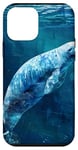 Coque pour iPhone 12 mini Save The Manatee Crystal River FL Bleu abstrait rayé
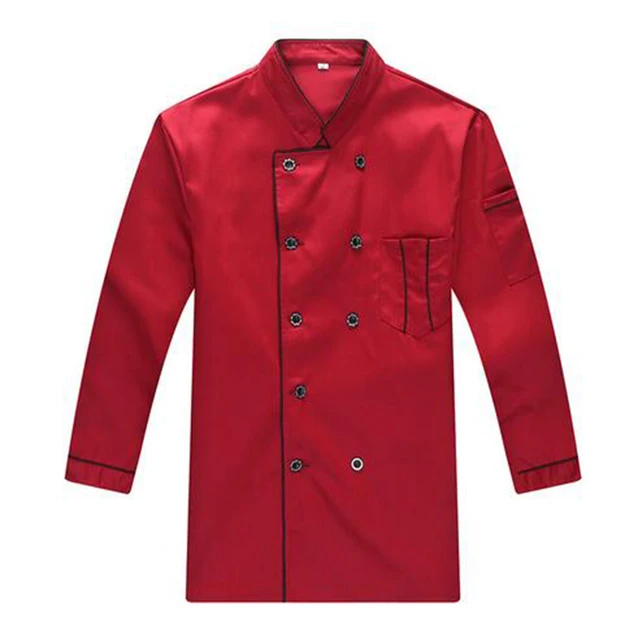 New Red Chef Uniform Long sleeved Work Coat Chef Jacket Restaurant
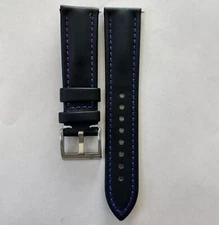 22mm BLACK Real Sailcloth Apple Watch Strap With Adaptors BLUE Stitch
·····
Your task is to restate word for word the lines from the one containing "New Red Chef" through the last line of the data, both ends included, with no pictures.

**RESULT OF THE TASK**
 New Red Chef Uniform Long sleeved Work Coat Chef Jacket Restaurant
 22mm BLACK Real Sailcloth Apple Watch Strap With Adaptors BLUE Stitch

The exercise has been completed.